How do we define success?
- Success will be achieved when basic questions
about environmental trends and pollution prevention can be
answered through a unified and user-friendly national system.
[Orum]
- EPA can't be all things to all people
but should focus on providing accurate, timely national data
with appropriate warnings about data comparisons. EPA should
work on giving citizens tools for understanding environmental
claims and recognizing disinformation.
- EPA should devise a national environmental
information action plan with long-term and short-term objectives,
and then specific projects and funding requests; partnerships
between EPA and state and local public libraries, and between
EPA, NGOs and industry are needed to put together projects.
- Regional environmental information action
plans would be a more effective focus. [Eklund]
- Libraries are only part of the solution;
EPA needs to standardize the public participation process
to insure that citizens have accurate and timely data and
a chance to impact decisions.
- The discussion involved requests for
more funding, requests for more understandable data and requests
for more raw data. Industry will try to play off the second
goal against the third; librarians should know that lobbying
can influence EPA data distribution policies.
Library Capacity Building
- Libraries must serve the whole community,
but they lack the resources to serve a greater environmental
agenda.
- If libraries could bill the government
for printing costs when downloading online government documents,
then more libraries to serve as repositories for government
documents.
- EPA should collaborate with the National
Library of Medicine's Toxicology and Environmental Health
Information Program and the non-regulatory National Council
for Science and the Environment (NCSE), which focuses on improving
the scientific basis for environmental decision making.
- EPA and libraries could collaborate to
upgrade skills through courses for continuing education credits.
[Fox]
- Stakeholders need libraries that are
learning centers and gathering places. They need access to
the web and individuals they can trust to provide unbiased
research and education.
- Librarians could help EPA staff develop
better cataloguing methods for EPA's document collections.
Digital Divide
- ADA (American Disabilities Act) has imposed
a deadline on all governmental web sites that will make all
sites accessible to a text reader.
- Native American communities rely upon
printed matter from libraries, but such materials are often
out-of-date. Networking by phone, e-mail, fax and mail allows
tribes to share current information. The Internet has become
both a reference tool and a link between indigenous peoples
worldwide.
- Municipalities need to partner with other
entities to place computers in retail areas, police/fire departments,
schools and senior centers. [Eklund]
EPA's Web site
- A listserve should be established for
those interested in capacity building and participation.

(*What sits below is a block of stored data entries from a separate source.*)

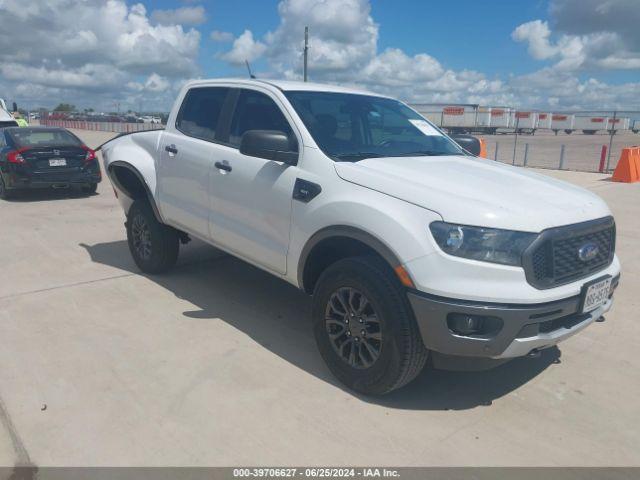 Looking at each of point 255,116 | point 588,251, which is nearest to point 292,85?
point 255,116

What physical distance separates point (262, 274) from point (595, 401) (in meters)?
3.48

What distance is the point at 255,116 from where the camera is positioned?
14.2 feet

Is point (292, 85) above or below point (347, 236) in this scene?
above

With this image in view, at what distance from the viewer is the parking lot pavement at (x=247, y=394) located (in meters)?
2.91

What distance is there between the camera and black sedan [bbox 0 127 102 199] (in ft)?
31.9

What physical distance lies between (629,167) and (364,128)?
11.9 meters

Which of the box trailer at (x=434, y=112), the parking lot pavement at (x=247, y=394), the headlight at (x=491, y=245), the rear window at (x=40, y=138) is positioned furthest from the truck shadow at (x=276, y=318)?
the box trailer at (x=434, y=112)

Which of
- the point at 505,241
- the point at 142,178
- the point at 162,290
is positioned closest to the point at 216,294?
the point at 162,290

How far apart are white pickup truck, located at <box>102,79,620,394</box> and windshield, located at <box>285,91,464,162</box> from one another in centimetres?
2

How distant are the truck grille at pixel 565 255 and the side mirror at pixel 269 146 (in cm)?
170

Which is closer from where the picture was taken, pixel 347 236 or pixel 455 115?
pixel 347 236

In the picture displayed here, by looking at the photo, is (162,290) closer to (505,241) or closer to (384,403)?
(384,403)

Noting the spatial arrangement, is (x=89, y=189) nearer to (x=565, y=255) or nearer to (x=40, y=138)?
(x=40, y=138)

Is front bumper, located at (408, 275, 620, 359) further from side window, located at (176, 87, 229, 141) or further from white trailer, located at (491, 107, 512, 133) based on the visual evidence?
white trailer, located at (491, 107, 512, 133) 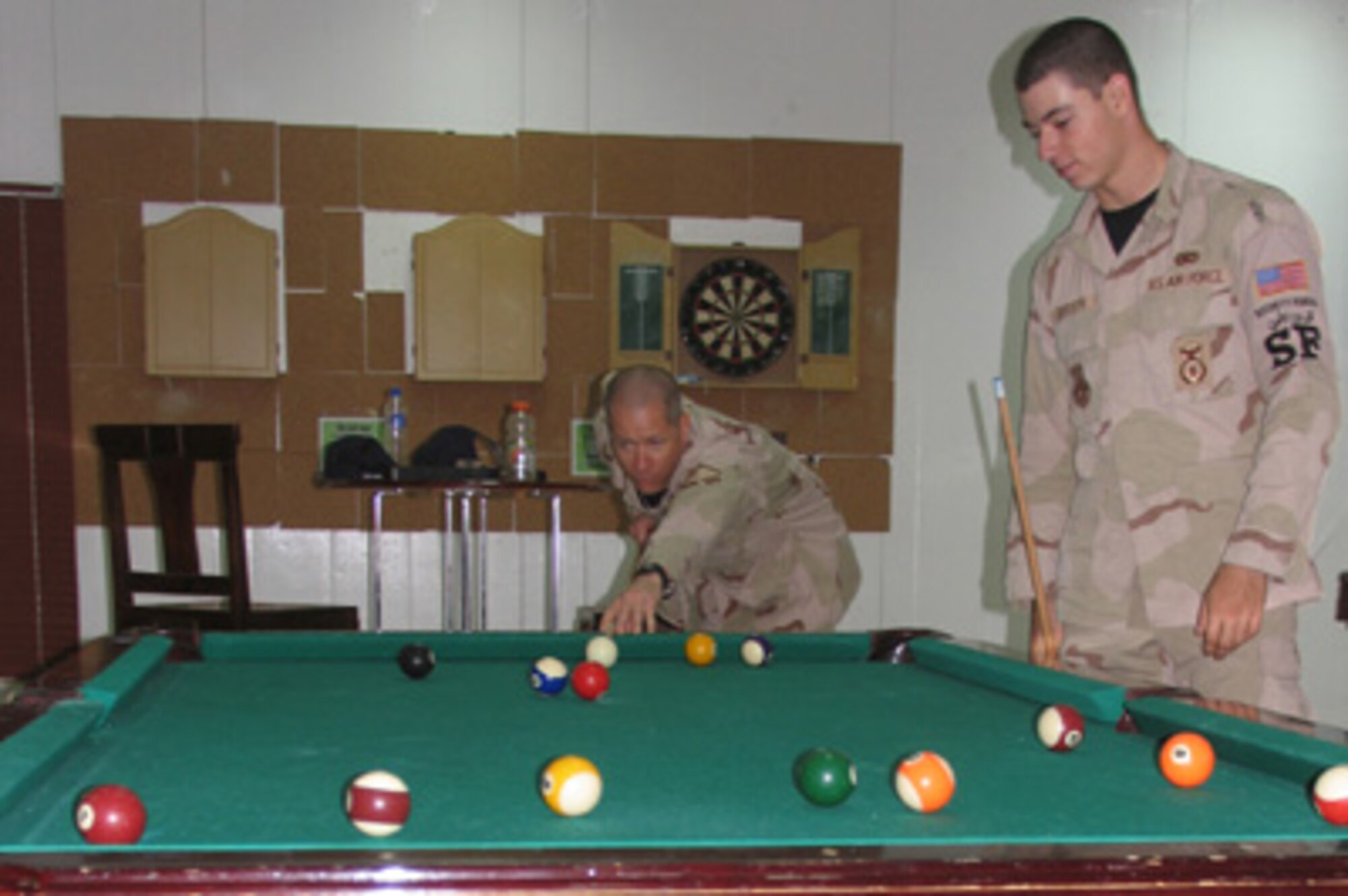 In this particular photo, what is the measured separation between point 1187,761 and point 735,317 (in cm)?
348

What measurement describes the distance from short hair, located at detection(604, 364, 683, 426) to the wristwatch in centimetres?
44

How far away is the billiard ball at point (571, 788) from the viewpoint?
1043 mm

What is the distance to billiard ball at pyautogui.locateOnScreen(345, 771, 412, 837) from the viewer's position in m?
0.97

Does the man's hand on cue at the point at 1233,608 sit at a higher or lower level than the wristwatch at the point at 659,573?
higher

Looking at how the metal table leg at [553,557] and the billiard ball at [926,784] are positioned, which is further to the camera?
the metal table leg at [553,557]

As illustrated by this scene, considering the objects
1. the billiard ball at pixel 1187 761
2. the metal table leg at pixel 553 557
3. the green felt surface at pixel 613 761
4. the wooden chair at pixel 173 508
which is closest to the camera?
the green felt surface at pixel 613 761

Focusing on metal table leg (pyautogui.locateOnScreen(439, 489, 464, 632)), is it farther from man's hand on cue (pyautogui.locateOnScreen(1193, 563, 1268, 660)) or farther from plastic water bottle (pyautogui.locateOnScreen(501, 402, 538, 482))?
man's hand on cue (pyautogui.locateOnScreen(1193, 563, 1268, 660))

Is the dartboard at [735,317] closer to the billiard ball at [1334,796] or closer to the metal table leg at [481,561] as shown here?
the metal table leg at [481,561]

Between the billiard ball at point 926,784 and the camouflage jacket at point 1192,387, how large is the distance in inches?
34.4

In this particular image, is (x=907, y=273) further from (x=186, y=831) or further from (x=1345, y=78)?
(x=186, y=831)

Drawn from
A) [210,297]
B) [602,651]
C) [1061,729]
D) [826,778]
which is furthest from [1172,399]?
[210,297]

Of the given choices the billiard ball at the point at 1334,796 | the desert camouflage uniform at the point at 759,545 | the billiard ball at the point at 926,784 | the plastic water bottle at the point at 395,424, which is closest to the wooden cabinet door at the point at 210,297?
the plastic water bottle at the point at 395,424

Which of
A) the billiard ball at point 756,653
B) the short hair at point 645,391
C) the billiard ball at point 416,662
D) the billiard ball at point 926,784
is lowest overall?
the billiard ball at point 756,653

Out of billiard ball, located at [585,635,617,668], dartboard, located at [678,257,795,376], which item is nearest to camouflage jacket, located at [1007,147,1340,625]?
billiard ball, located at [585,635,617,668] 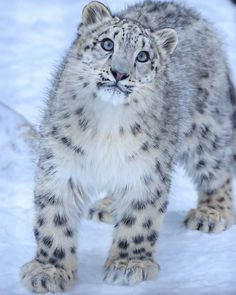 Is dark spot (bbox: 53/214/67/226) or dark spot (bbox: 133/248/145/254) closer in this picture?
dark spot (bbox: 53/214/67/226)

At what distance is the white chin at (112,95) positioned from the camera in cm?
501

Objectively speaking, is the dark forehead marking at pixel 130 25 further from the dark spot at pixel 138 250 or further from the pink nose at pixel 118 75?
the dark spot at pixel 138 250

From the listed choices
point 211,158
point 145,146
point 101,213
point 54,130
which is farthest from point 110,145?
point 211,158

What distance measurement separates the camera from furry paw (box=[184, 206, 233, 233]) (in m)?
Result: 6.46

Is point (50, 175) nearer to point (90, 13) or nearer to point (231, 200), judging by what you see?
point (90, 13)

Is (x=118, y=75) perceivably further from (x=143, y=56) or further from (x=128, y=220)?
(x=128, y=220)

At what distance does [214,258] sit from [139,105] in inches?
42.1

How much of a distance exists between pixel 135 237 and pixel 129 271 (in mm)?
193

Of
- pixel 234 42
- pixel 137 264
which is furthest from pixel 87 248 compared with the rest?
pixel 234 42

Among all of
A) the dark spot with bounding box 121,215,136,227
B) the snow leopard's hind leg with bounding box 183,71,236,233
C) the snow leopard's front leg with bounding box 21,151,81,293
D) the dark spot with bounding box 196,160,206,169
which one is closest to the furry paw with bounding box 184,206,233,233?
the snow leopard's hind leg with bounding box 183,71,236,233

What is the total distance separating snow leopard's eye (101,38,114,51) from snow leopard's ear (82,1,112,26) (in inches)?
9.7

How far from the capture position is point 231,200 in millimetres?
6832

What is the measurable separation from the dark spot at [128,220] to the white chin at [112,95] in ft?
2.38

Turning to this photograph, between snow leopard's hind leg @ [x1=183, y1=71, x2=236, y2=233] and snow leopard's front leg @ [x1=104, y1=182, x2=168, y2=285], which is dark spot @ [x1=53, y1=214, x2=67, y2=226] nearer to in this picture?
snow leopard's front leg @ [x1=104, y1=182, x2=168, y2=285] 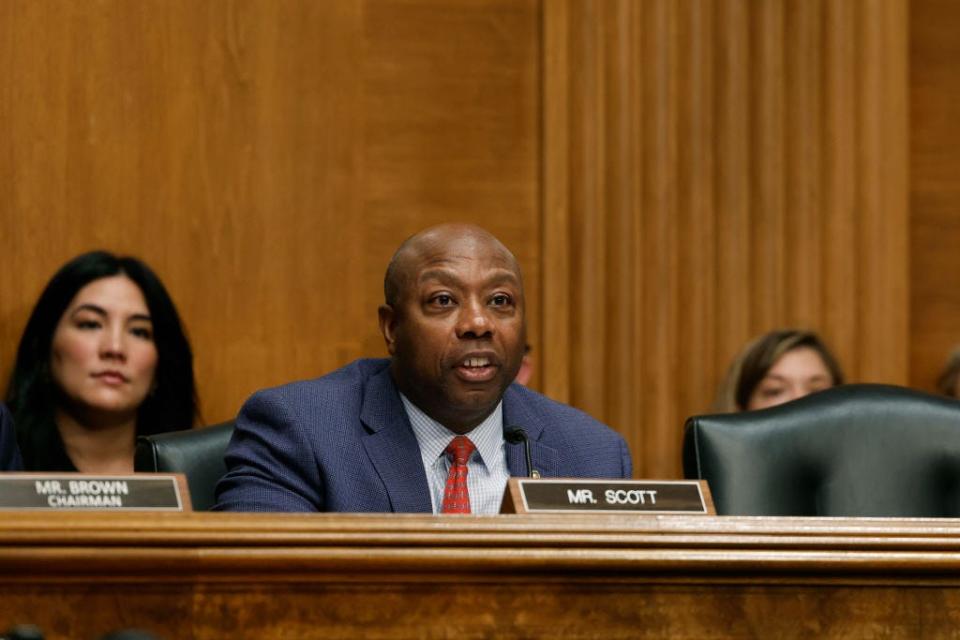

- A dropdown online dictionary could make
it easier to obtain information from the EPA Web site.
- Old-fashioned reporting can yield information
when the EPA site is down, but this works best for those living
near EPA offices.
- Retired professionals could serve as
external reviewers for EPA's online data.
Let's Get Real and Data Gaps
- Yesterday a poster commented that EPA
risks its credibility by releasing data prematurely. A response
today pointed out that these fears are often overblown.
- The risks of disclosing confidential
business information must be taken into account before releasing
some data.
- The Envirofacts database now lacks locational
data, making mapping much harder. Air quality trend data from
the Cumulative Exposure Project has not been released.